INFORMATION SHOWN =>
########
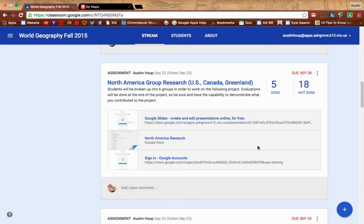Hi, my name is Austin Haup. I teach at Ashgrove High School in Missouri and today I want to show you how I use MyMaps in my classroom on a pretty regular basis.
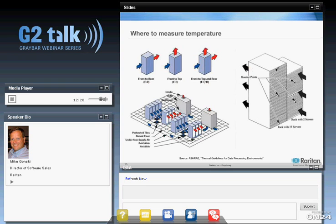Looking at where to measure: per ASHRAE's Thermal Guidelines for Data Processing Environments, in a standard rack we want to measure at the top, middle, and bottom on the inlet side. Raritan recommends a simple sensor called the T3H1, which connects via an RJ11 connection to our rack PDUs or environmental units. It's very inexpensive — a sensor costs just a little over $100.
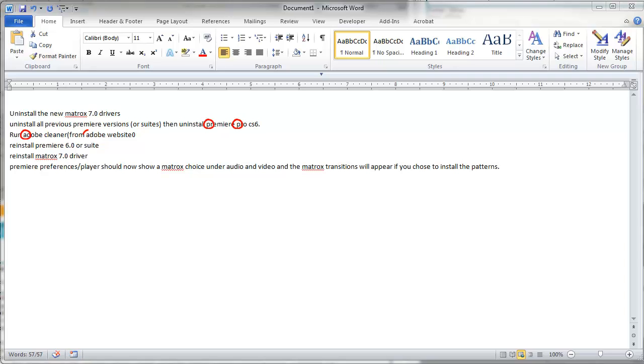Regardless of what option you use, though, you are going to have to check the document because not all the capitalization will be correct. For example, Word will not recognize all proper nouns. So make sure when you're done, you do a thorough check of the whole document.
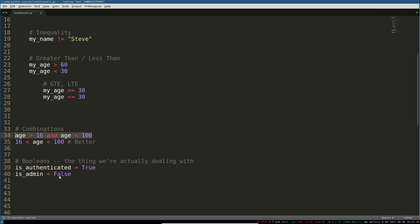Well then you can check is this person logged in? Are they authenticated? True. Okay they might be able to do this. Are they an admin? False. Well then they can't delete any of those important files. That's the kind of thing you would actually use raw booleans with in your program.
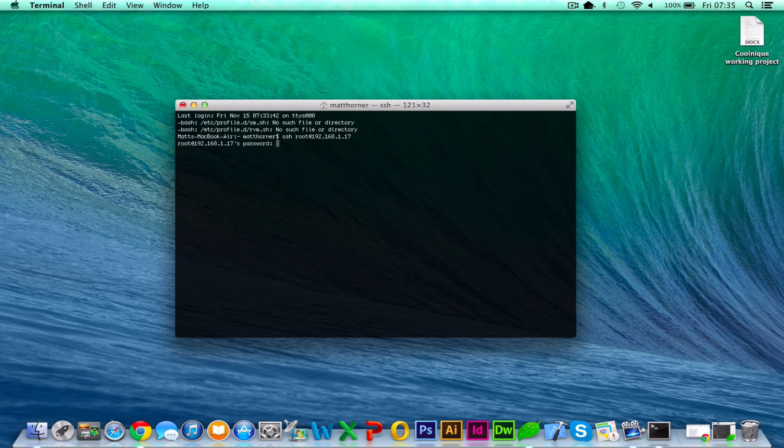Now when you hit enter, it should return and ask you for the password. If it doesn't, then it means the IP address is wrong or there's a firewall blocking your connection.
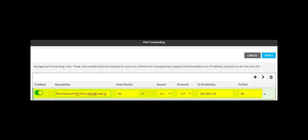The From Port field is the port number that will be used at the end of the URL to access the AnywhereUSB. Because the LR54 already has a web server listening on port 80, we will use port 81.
########
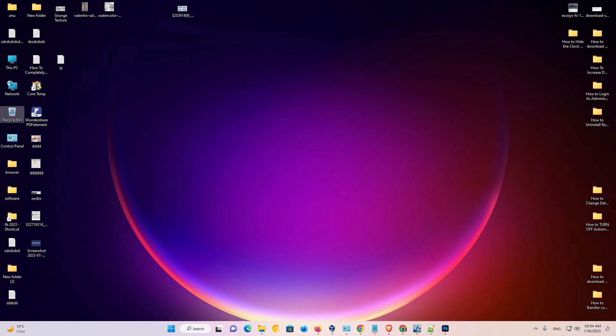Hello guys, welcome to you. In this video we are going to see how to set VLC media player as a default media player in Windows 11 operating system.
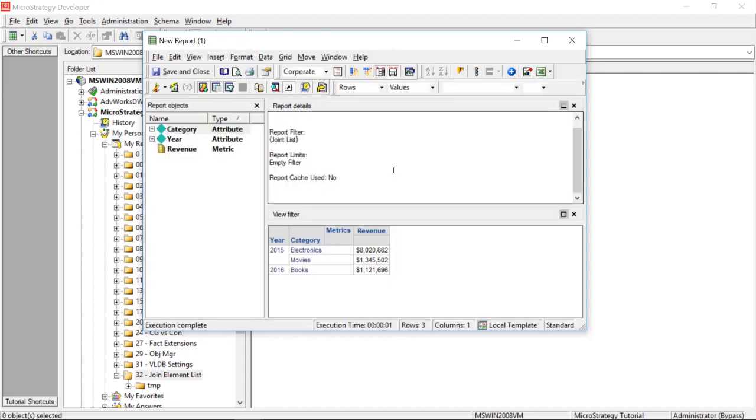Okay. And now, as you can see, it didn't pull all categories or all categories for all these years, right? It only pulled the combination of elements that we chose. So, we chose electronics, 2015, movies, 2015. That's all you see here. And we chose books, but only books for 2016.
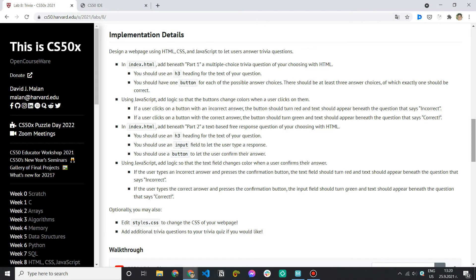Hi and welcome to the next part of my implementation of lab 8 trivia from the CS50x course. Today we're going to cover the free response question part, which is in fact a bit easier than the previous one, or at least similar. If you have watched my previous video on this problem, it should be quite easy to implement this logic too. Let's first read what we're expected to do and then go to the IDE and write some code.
########
WHAT IS EXPECTED => Every line above from the one with "Looking at where" down to the one with "The From Port" must be written out exactly, and no picture may appear.

ANSWER =>
Looking at where to measure: per ASHRAE's Thermal Guidelines for Data Processing Environments, in a standard rack we want to measure at the top, middle, and bottom on the inlet side. Raritan recommends a simple sensor called the T3H1, which connects via an RJ11 connection to our rack PDUs or environmental units. It's very inexpensive — a sensor costs just a little over $100.
Regardless of what option you use, though, you are going to have to check the document because not all the capitalization will be correct. For example, Word will not recognize all proper nouns. So make sure when you're done, you do a thorough check of the whole document.
Well then you can check is this person logged in? Are they authenticated? True. Okay they might be able to do this. Are they an admin? False. Well then they can't delete any of those important files. That's the kind of thing you would actually use raw booleans with in your program.
Now when you hit enter, it should return and ask you for the password. If it doesn't, then it means the IP address is wrong or there's a firewall blocking your connection.
The From Port field is the port number that will be used at the end of the URL to access the AnywhereUSB. Because the LR54 already has a web server listening on port 80, we will use port 81.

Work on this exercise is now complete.